Эта его позиция лучше проявилась на конференции с Герингом и другими высокопоставленными нацистами в августе 1942 г. В то время как немецкие чиновники были обеспокоены политическими и экономическими последствиями растущего партизанского движения, Лозе оправдывался за то, что не сумел произвести то, что от него ожидалось. Когда он сослался на нехватку рабочей силы, принудительную вербовку рабочих и отсутствие немецких сил в его регионе в качестве причин своей неудачи, Геринг тут же назвал его лжецом; Заукель раскритиковал его за то, что он разрешил производство таких «необязательных» товаров, как детские коляски; а Кох с гордостью заявил: «Берите пример с Украины». Извиняющаяся позиция Лозе объяснялась не несогласием с целями, а ее неэффективностью. Эта неспособность добиться результатов отразилась в подходе, радикально отличавшемся от подхода Коха. Он хорошо проиллюстрирован в следующем диалоге:
«Лозе:…У меня нет полиции и каких-либо других средств для контроля над территорией. Когда я хочу использовать силу или принуждение, люди начинают смеяться, потому что у меня нет соответствующих средств.
Геринг: Но вам были предоставлены [полицейские] батальоны!
Лозе: Несколько батальонов на территорию размером с Германию!
Геринг: Думаете, вы сможете выжать больше из своего региона, если получите больше полиции?

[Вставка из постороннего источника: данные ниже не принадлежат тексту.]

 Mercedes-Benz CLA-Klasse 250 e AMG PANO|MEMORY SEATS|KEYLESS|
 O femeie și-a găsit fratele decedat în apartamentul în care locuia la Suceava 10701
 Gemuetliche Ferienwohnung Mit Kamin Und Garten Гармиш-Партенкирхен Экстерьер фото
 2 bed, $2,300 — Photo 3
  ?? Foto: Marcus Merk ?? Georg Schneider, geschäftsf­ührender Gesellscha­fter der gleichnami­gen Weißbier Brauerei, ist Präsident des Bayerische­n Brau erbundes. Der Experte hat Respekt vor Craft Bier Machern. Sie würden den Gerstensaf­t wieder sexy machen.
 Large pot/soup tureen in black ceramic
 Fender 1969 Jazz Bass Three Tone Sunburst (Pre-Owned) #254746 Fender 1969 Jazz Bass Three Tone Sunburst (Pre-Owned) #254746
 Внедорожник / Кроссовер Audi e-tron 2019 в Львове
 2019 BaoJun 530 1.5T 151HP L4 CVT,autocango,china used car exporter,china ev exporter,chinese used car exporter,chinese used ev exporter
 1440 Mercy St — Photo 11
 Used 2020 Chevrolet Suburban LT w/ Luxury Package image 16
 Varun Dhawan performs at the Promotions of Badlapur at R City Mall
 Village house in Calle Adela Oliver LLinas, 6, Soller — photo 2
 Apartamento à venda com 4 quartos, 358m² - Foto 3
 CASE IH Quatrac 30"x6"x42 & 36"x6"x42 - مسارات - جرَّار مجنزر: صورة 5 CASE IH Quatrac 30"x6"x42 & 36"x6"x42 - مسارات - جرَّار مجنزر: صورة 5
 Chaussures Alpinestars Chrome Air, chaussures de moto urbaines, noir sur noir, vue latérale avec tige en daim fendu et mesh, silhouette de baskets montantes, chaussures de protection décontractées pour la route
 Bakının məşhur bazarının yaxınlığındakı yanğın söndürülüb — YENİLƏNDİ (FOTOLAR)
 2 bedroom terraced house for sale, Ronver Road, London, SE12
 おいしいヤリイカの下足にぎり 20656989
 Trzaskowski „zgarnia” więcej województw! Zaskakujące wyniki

Лозе: Напротив. Полагаю, от региона мы получим еще меньше, если станем использовать силу».
В основе решения Лозе лежала слабость. Чтобы воспрепятствовать растущим военным потерям и поступавшим от фронтовых командиров требованиям пополнений и подкреплений, Лозе мог предложить смену поведения немцев. Людей приходилось «использовать», и надо было что-то им давать или хотя бы обещать взамен. Это не поменяло его основного отношения к их правам и будущему. Но если более мягкое обращение с местным населением могло увеличить производство, если фиктивное самоуправление повышало их моральный дух и готовность помогать немцам – значит, необходимо было пойти на как можно большее количество компромиссов в разумных пределах. Лозе стал образцом нацистского утилитарного malgre soi. В меморандуме длиной в 51 страницу, представленном Розенбергу и другим заинтересованным сторонам в декабре 1942 г., Лозе, хоть и выступал против развития подлинного местного самоуправления, потребовал публичного заявления о будущих политических целях, которые могли бы нести пропагандистскую ценность для населения на Востоке. И, продолжая вести проигрышную борьбу против реприватизации балтийской экономики, он настоятельно призывал (опять-таки в значительной степени – в пропагандистских целях) опубликовать «обязательную декларацию от лица ответственных кругов касательно реприватизации, которая будет проведена после войны в качестве признания… услуг, оказанных» прибалтийскими народами. Наконец, он выступал за некоторые улучшения в сфере поставок потребительских товаров и пайков для населения, с тем чтобы повысить его готовность работать на немцев.
Маленький «реформизм» Лозе был частично вызван неизменными аргументами некоторых из его наиболее реалистичных помощников. Их планы выходили далеко за рамки символических мер, на которые согласился РКО, и обычно Лозе жестко возражал против любого расширения полномочий коренных народов за счет немецкой (и особенно собственной) власти. Однако зимой 1942/43 г., как и многие нацисты, Лозе (Клейст подтверждает) хотя бы частично «пробудился от своих герцогских фантазий до относительной трезвости и сказал грустно: «Хорошо, я согласен со всем. Все это ничего не стоит [Тиннев, выражение идиш], если мы не выиграем первую войну». Шок Сталинграда только слегка ослабил вожжи в Риге.